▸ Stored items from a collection

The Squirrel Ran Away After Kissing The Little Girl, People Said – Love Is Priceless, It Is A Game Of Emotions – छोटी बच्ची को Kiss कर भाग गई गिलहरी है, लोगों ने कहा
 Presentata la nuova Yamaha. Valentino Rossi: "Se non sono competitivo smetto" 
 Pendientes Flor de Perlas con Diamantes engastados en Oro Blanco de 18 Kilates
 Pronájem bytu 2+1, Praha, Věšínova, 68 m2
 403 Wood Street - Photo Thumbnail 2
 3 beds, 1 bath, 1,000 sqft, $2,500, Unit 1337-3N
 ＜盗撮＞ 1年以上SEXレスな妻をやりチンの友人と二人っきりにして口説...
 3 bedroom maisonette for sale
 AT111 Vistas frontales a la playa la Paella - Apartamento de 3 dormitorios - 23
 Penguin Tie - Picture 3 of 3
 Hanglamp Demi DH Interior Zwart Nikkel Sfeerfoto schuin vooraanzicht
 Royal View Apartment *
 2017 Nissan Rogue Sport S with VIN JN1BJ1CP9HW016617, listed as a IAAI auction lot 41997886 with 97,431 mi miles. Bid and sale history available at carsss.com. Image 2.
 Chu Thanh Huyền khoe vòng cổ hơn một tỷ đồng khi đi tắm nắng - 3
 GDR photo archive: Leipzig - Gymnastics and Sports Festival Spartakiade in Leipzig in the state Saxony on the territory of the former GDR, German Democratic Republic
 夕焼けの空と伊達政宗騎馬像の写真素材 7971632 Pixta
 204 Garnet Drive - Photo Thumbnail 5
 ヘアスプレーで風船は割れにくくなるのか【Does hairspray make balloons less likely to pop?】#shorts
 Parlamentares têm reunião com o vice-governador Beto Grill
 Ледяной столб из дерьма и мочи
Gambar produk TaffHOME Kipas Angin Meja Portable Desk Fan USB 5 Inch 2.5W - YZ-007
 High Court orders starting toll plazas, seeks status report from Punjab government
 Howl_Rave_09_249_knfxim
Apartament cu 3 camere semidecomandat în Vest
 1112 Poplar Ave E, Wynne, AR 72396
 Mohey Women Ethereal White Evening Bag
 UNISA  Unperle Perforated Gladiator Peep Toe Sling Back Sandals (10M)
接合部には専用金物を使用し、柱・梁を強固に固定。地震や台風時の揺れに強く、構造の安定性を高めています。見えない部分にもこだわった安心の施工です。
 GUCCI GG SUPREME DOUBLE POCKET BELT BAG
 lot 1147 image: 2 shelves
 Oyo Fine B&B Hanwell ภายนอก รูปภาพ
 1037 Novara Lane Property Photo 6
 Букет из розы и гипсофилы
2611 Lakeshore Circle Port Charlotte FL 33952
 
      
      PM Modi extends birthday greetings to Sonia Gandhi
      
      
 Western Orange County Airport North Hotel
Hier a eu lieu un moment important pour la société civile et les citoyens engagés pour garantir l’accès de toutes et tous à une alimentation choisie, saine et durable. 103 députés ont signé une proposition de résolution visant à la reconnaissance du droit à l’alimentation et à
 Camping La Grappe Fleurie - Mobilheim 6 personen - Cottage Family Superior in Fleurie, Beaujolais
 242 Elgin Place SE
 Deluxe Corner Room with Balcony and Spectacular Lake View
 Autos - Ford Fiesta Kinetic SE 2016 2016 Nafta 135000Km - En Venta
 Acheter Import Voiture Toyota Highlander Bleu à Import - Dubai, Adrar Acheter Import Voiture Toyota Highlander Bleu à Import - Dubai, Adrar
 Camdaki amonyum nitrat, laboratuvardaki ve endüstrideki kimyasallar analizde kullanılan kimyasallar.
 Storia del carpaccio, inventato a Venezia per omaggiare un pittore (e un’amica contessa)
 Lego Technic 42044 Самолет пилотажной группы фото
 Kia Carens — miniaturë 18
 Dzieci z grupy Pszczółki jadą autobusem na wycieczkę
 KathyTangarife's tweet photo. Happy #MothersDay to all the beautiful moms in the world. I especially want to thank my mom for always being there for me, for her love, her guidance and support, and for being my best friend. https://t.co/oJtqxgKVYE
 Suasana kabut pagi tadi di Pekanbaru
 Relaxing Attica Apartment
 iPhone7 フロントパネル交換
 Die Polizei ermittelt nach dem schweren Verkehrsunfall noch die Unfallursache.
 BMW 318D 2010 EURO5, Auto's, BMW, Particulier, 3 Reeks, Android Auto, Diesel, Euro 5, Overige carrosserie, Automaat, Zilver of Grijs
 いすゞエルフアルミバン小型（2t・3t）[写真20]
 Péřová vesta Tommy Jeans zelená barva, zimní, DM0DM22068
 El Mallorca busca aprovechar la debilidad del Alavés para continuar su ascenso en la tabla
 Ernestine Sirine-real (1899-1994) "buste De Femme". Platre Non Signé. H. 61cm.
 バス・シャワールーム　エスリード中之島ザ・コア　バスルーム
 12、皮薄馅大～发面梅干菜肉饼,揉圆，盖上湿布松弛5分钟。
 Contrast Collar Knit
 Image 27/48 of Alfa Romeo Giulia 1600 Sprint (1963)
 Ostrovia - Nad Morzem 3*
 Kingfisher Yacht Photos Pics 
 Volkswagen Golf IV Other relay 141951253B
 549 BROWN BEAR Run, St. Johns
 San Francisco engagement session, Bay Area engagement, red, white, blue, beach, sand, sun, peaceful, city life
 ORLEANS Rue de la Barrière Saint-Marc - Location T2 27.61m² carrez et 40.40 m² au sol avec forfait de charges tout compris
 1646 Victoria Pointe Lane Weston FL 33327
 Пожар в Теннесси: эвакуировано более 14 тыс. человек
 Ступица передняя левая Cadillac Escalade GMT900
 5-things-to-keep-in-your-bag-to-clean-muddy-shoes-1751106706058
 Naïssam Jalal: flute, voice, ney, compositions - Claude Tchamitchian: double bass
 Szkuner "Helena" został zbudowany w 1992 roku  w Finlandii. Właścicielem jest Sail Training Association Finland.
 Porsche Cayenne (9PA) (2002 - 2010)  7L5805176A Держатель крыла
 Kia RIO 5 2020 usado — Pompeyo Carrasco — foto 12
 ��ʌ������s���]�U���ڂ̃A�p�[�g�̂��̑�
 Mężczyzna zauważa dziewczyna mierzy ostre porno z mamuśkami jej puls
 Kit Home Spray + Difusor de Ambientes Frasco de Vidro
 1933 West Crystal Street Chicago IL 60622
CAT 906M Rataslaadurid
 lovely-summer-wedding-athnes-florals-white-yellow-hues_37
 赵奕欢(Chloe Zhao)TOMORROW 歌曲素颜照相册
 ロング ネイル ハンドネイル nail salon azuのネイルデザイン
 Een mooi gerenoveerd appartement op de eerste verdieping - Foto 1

▸ Task goal
Identify the lines above that contain the word "Street", then copy them.

▸ Completed exercise
 403 Wood Street - Photo Thumbnail 2
 1933 West Crystal Street Chicago IL 60622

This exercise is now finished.